The succession of oppression

Submitted by CSU-SANMARCO_3D... on

The succession of oppression placed on the various ethnic groups throughout United States' history reminds of a quote by Blauner that we discussed in my sociology class, "All groups started at the bottom but the bottom by no means has been the same for all groups." WASP came to the United States and forcefully took this land away from the Native Americans. The Native Americans were forced to assimilate to the white culture and drop all of their traditions, beliefs, and practices. The Dawes Act was passed in order to "Americanize" the Native Americans. Blacks were forcefully brought to the United States as slaves, and though the Emancipation Proclamation passed they continued and still continue to face oppression and discrimnation. Mexicans and Asians were deported back to their homelands and laws were created in order to prevent them from entering the United States, and when they were accepted to be in the presence of WASP, they were used as laborers. WASP has continued to walk on the heads of all other races and ethnicities. They also continue to force their dominance and superiority on all others. America is not the melting pot that most believe it to be.

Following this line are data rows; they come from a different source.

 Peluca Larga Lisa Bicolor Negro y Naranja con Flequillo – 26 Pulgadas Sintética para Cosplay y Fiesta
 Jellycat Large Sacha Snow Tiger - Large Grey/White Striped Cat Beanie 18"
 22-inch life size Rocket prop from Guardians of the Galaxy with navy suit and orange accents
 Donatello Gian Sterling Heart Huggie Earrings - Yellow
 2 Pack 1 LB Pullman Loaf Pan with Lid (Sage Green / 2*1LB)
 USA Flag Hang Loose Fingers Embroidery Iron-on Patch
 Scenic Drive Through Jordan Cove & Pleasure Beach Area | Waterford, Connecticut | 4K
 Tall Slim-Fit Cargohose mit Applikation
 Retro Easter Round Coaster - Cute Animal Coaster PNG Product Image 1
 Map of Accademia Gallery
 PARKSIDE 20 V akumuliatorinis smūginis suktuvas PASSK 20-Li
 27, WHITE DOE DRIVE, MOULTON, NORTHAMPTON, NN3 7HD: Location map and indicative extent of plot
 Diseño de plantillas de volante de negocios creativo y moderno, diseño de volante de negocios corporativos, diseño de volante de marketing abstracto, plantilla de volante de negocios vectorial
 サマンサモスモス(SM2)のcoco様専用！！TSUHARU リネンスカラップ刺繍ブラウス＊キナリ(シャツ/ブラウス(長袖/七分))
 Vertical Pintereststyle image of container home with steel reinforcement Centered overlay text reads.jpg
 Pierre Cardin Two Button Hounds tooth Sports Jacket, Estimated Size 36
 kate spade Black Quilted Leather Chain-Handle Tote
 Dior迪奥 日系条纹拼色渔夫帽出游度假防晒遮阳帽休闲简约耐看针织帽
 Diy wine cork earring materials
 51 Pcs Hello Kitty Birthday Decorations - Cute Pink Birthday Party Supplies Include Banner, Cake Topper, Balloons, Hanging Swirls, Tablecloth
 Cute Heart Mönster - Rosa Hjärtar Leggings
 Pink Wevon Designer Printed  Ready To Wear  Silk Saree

It is not a place that welcomes cultures to express who they are and what they believe in. When you become an American you are forced to assimilate to the dominant, white culture and lose your ethnic identity.

The Melting Pot Idea

Submitted by UAB-12F11-12 on

I personally would like to view the melting pot as a pot in which everyone adds their special culture spice to make America even better. The idea of melting to me is implying that we need to rid individuals of their state of being. We should not be stripping individuals of their cultural heritages to become American.